Carl Blackbird
- Born: 26 March 1965 (age 61) Peterborough, England
- Nationality: British (English)

Career history
- 1981–1985: Mildenhall Fen Tigers
- 1984, 1988: Ipswich Witches
- 1985–1987: Belle Vue Aces
- 1989: Reading Racers
- 1990: Edinburgh Monarchs
- 1991–1993: Long Eaton Invaders

Individual honours
- 1986: British Championship finalist
- 1985: British Under 21 Champion

Team honours
- 1984: British League Champion
- 1984: British League Knockout Cup Winner
- 1984: NL Fours Championship

= Carl Blackbird =

English speedway rider

Carl Ivan Blackbird (born 26 March 1965) is a former motorcycle speedway rider from England and Great Britain.

== Speedway career ==
Blackbird rode in the top tier of British Speedway from 1981–1993, riding for various clubs.

In 1984, Blackbird won the league and cup double with Ipswich Witches during the 1984 British League season, in addition to helping Mildenhall Fen Tigers win the Fours Championship during the 1984 National League season.

In 1985, Blackbird became the British Under 21 Champion and signed for Belle Vue Aces for a £20,000 transfer fee from Mildenhall Fen Tigers, spending three years at the Manchester club.
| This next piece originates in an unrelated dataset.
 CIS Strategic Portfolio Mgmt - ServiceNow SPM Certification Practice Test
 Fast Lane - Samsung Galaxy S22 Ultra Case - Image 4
He reached the final of the British Speedway Championship in 1986. In 1988, he signed for Ipswich Witches, moving from Belle Vue.

At retirement, Blackbird had earned eight international caps for the England national speedway team.

== Family ==
Blackbird's son Lewis is a former speedway rider, as were Carl's brothers Mark and Paul.